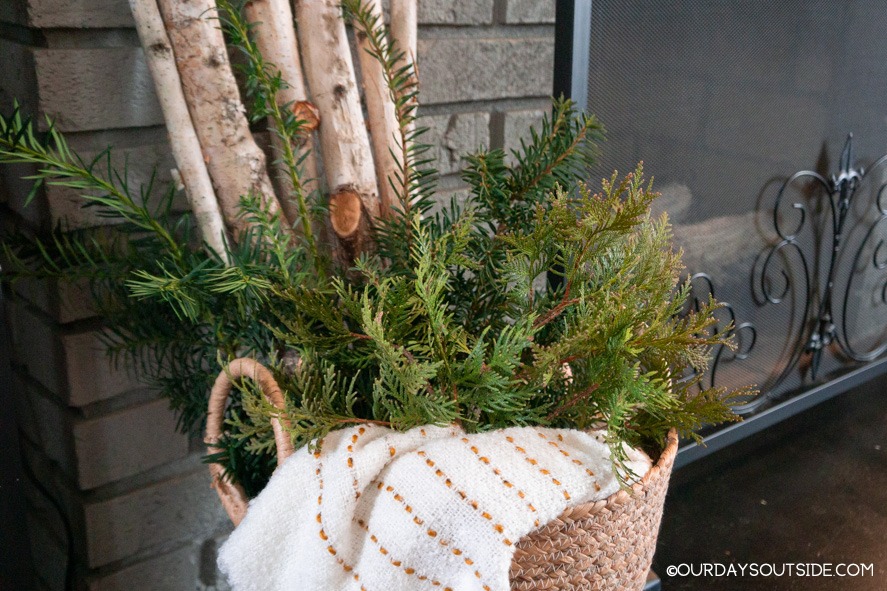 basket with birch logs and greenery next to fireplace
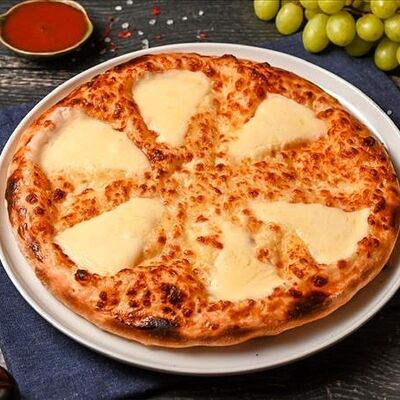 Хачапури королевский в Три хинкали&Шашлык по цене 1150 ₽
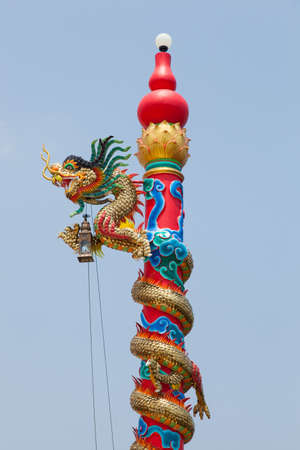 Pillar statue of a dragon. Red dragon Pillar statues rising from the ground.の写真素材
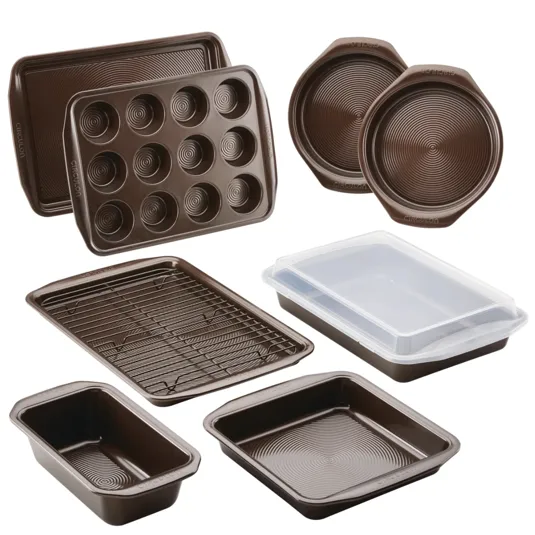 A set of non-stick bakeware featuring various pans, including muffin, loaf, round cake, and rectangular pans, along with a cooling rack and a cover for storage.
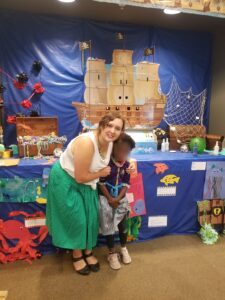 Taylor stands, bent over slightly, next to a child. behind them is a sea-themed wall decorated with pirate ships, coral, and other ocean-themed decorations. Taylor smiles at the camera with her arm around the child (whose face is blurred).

--*--

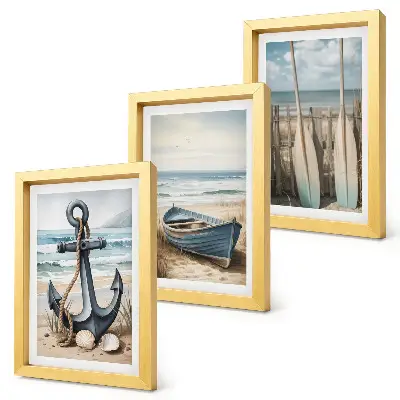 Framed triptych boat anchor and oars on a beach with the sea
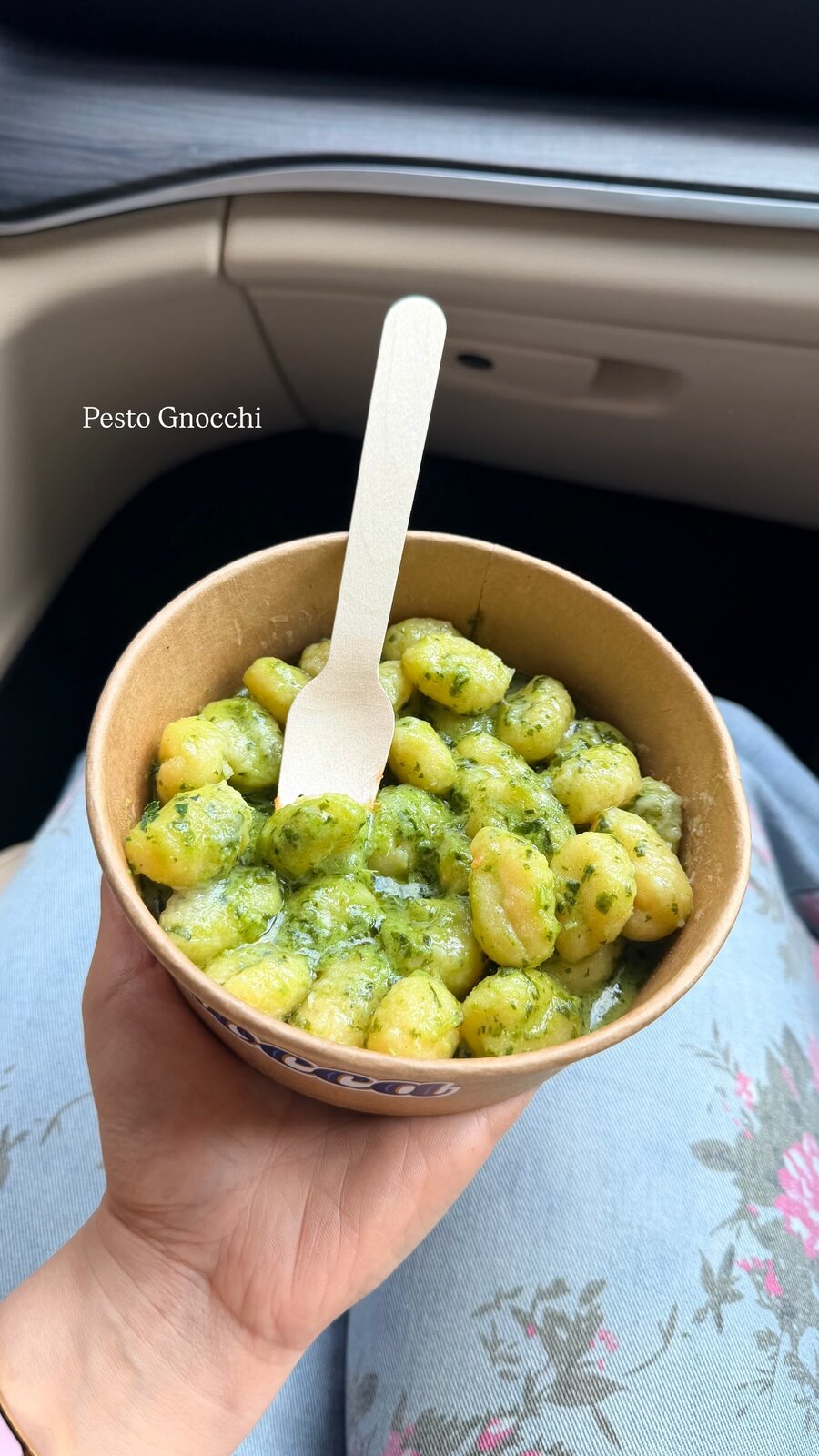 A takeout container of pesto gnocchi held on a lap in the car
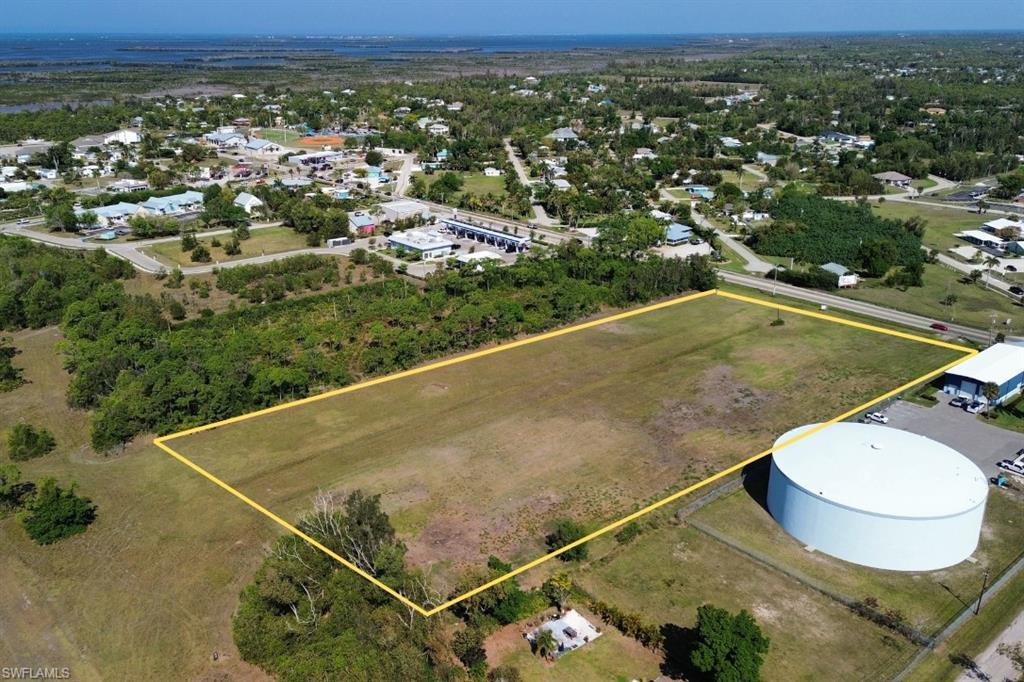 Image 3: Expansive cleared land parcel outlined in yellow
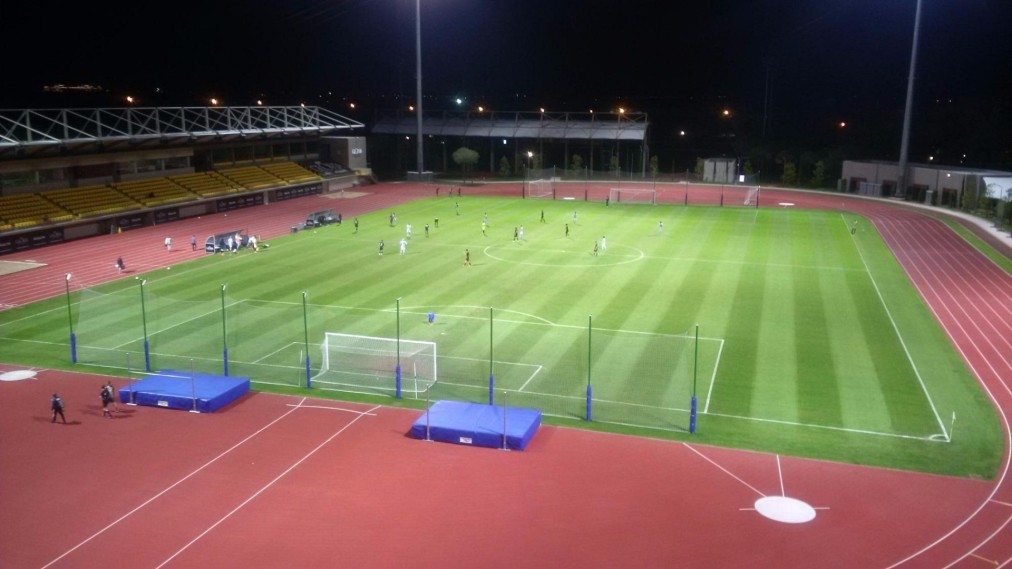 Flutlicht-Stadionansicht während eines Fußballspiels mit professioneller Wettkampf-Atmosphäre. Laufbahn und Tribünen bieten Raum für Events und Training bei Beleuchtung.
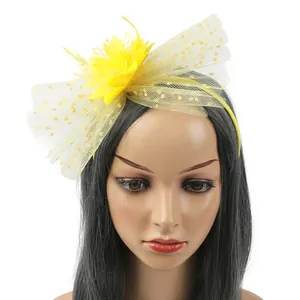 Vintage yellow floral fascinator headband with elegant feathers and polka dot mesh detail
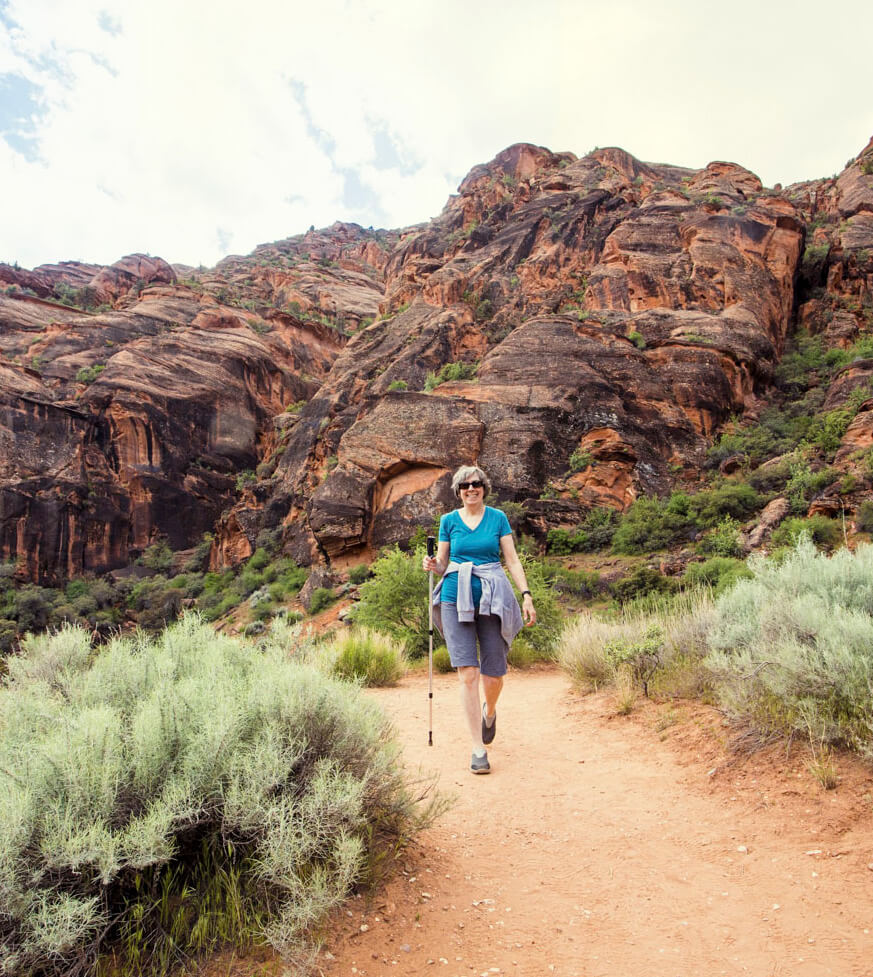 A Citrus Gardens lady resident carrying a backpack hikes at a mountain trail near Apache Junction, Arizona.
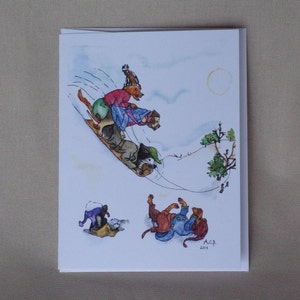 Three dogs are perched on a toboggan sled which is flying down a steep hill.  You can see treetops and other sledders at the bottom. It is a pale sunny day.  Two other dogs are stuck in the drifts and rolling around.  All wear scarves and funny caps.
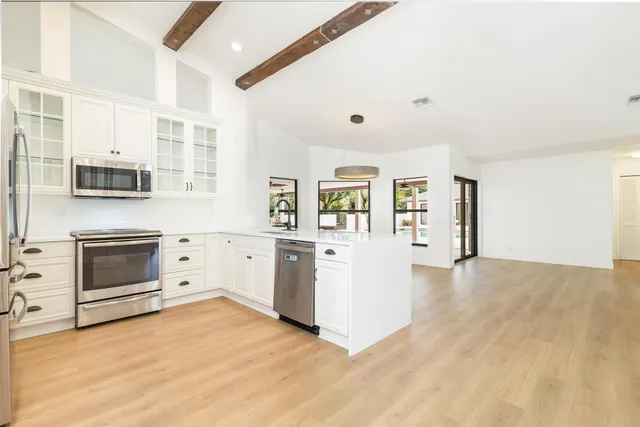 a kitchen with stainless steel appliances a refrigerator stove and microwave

--*--

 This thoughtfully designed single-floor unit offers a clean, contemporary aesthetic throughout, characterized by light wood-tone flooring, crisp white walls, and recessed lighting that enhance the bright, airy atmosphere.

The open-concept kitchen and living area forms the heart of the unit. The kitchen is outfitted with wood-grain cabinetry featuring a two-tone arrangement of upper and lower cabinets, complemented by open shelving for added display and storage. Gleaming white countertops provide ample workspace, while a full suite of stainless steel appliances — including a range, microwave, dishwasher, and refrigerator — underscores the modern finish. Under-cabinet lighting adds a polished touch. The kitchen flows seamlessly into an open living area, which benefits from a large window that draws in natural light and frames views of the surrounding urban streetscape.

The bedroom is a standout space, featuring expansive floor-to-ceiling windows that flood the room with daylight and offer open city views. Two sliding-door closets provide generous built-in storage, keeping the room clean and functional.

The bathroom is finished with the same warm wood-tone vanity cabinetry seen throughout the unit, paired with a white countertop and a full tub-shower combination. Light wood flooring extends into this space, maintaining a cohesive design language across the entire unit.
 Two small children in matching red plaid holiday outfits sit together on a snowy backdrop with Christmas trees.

--*--

PROBLEM DESCRIPTION:
Look above for the line with "Image 3: Expansive"; quote it and every line after it, stopping after the line with "a kitchen with", exactly, with nothing added and without pictures.

SOLUTION:
 Image 3: Expansive cleared land parcel outlined in yellow
 Flutlicht-Stadionansicht während eines Fußballspiels mit professioneller Wettkampf-Atmosphäre. Laufbahn und Tribünen bieten Raum für Events und Training bei Beleuchtung.
 Vintage yellow floral fascinator headband with elegant feathers and polka dot mesh detail
 A Citrus Gardens lady resident carrying a backpack hikes at a mountain trail near Apache Junction, Arizona.
 Three dogs are perched on a toboggan sled which is flying down a steep hill.  You can see treetops and other sledders at the bottom. It is a pale sunny day.  Two other dogs are stuck in the drifts and rolling around.  All wear scarves and funny caps.
 a kitchen with stainless steel appliances a refrigerator stove and microwave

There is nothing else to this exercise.